— Task requirements —
Start at the first line below and write out everything verbatim except the pictures.

Data extract Block Start

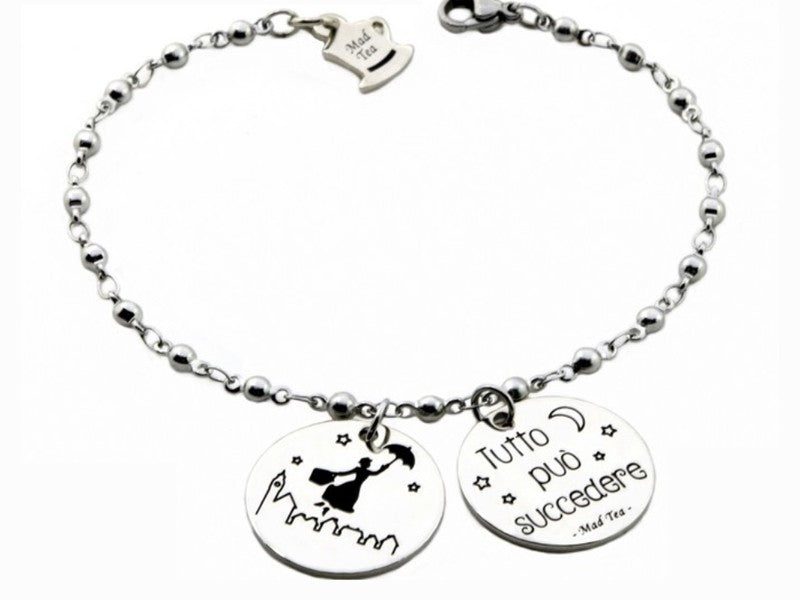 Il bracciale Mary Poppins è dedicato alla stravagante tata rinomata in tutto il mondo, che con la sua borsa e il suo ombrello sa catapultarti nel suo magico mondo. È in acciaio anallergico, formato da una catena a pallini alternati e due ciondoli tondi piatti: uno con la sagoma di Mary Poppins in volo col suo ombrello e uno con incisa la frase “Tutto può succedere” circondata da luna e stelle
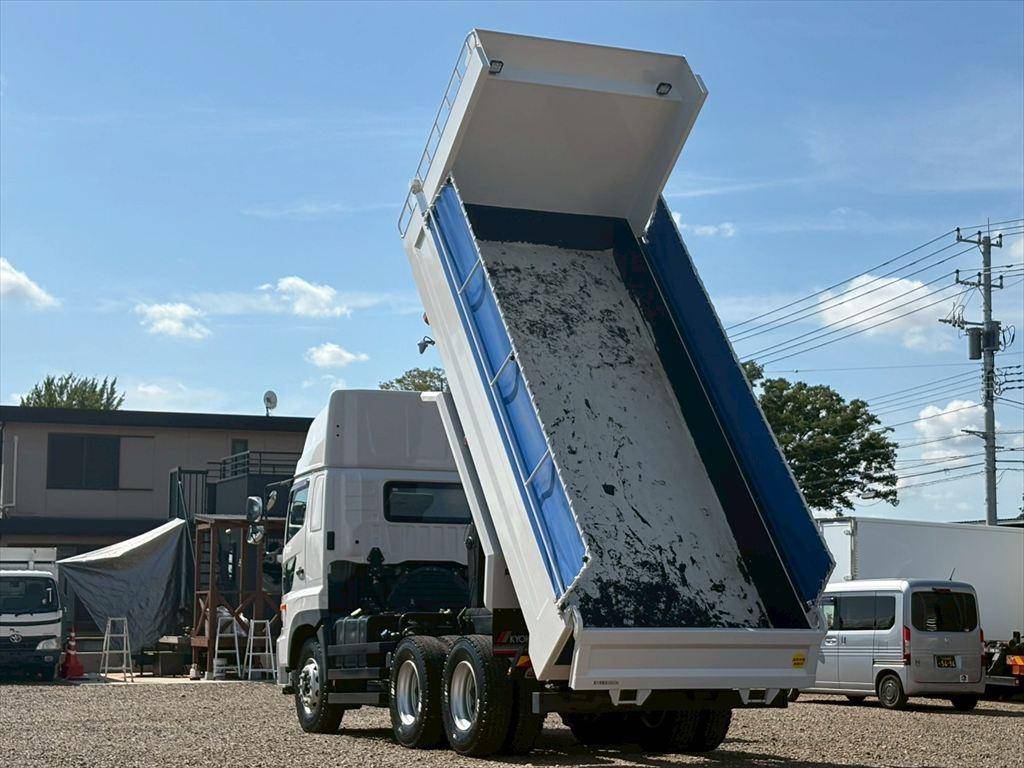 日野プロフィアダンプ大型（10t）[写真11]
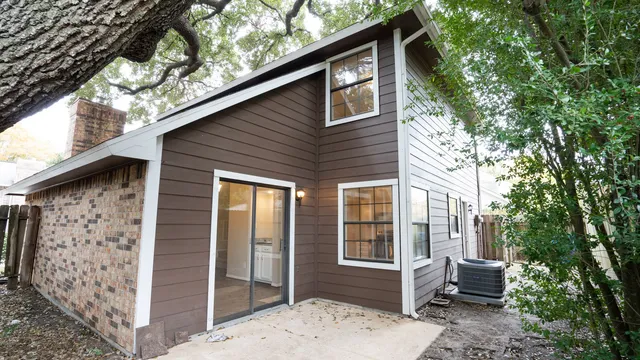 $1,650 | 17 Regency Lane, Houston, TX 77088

Data extract Block End

— Output —
 Il bracciale Mary Poppins è dedicato alla stravagante tata rinomata in tutto il mondo, che con la sua borsa e il suo ombrello sa catapultarti nel suo magico mondo. È in acciaio anallergico, formato da una catena a pallini alternati e due ciondoli tondi piatti: uno con la sagoma di Mary Poppins in volo col suo ombrello e uno con incisa la frase “Tutto può succedere” circondata da luna e stelle
 日野プロフィアダンプ大型（10t）[写真11]
 $1,650 | 17 Regency Lane, Houston, TX 77088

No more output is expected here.